New Module for Water Quality Calculations in Opti-SITE
During 2025, a new methodology for automated stormwater quality calculations has been developed within the Opti-SITE project.
The new methodology includes, among other things:
- Calculation of pollutant loads for 15 different stormwater contaminants, based on land use and standardised values
- A library of nature-based stormwater solutions (NBS) and their treatment performance for different pollutants
- Identification of areas suitable for the implementation of NBS
- Identification of which impervious surfaces can be connected to a nearby NBS
- Calculation of the combined treatment effect when many NBS are placed in different locations across a city
- Adaptation of the methodology to handle both small, local NBS and larger, centralised solutions that treat water from wider catchments
These steps can be run in several loops to gradually evaluate progress towards a set target and iteratively adjust the proposals. The next major step is to link the stormwater quality module with Opti-SITE’s optimisation module, enabling many different alternatives to be tested and compared in order to find optimal solutions for stormwater management from a water quality perspective.
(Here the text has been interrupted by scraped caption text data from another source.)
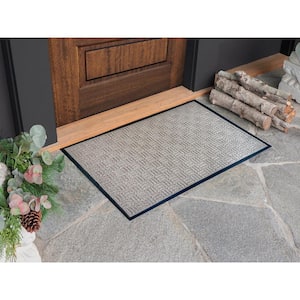 Indoor Outdoor Doormat Beige 24 in. x 36 in. Checker Floor Mat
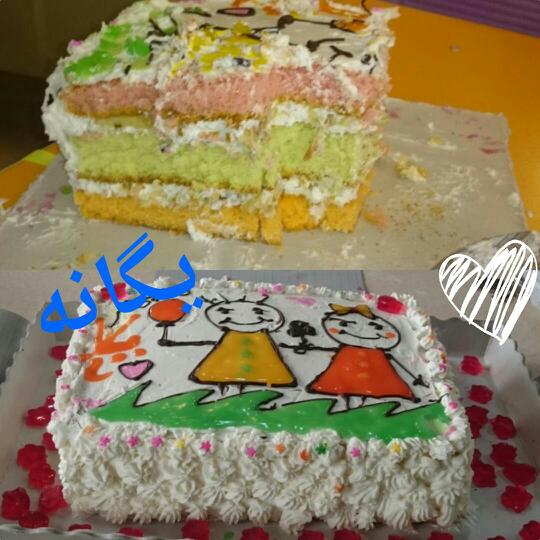 عکس کیک تولد سه رنگ 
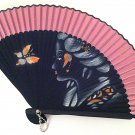 Bamboo Folding Handfan 201022 Spray Painted Asian Beauty Design Rose Pink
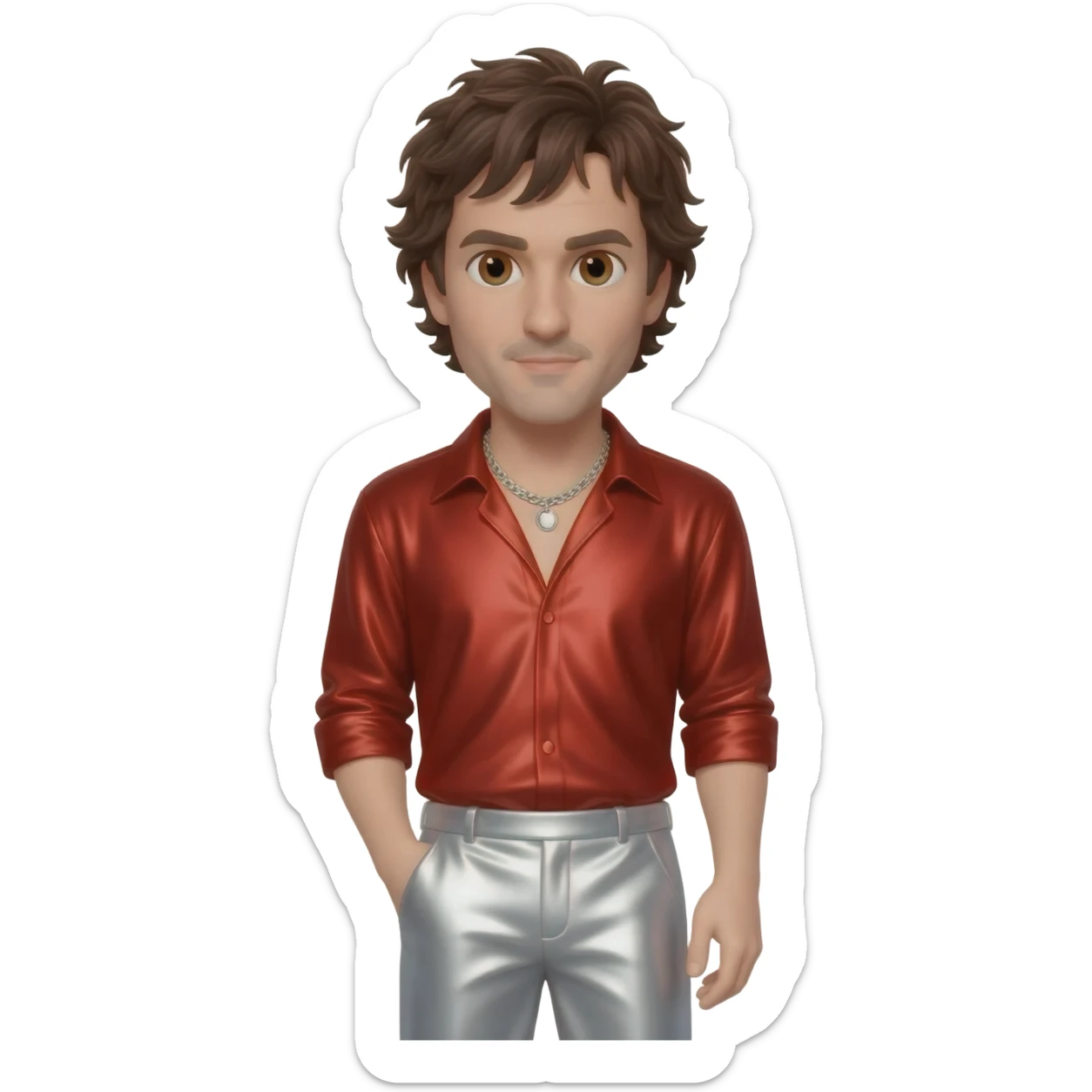 Johnny Knoxville with brown eyes, dark brown hair, red metallic shirt, white metallic baggy pants, silver necklace sticker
Progress and Further Questions
Experts from DHI specialising in GIS, stormwater quality, and nature-based solutions have been working on the development during autumn 2025 and winter 2026. The work has raised several unexpected and intriguing detailed questions that need to be resolved to allow the process to be automated rather than handled manually. Examples include:
- How far from an NBS can an area be located while still remaining practically feasible to connect?
- What level difference is acceptable between the area being connected and the NBS?
- How do we design a database capable of storing and processing large amounts of data without becoming unreasonably large or difficult to work with?
The purpose of Opti-SITE’s optimisation module is to create overarching solutions for entire cities, based on many small-scale measures. This means that not every detail needs to be exact everywhere, but at the same time, the proposed solutions must be realistic and practically feasible.
We are now looking forward to the next phase: linking the stormwater quality module with the optimisation module and exploring what this means in practice. We expect new questions and challenges to arise along the way – and we are ready to tackle them together with LTH.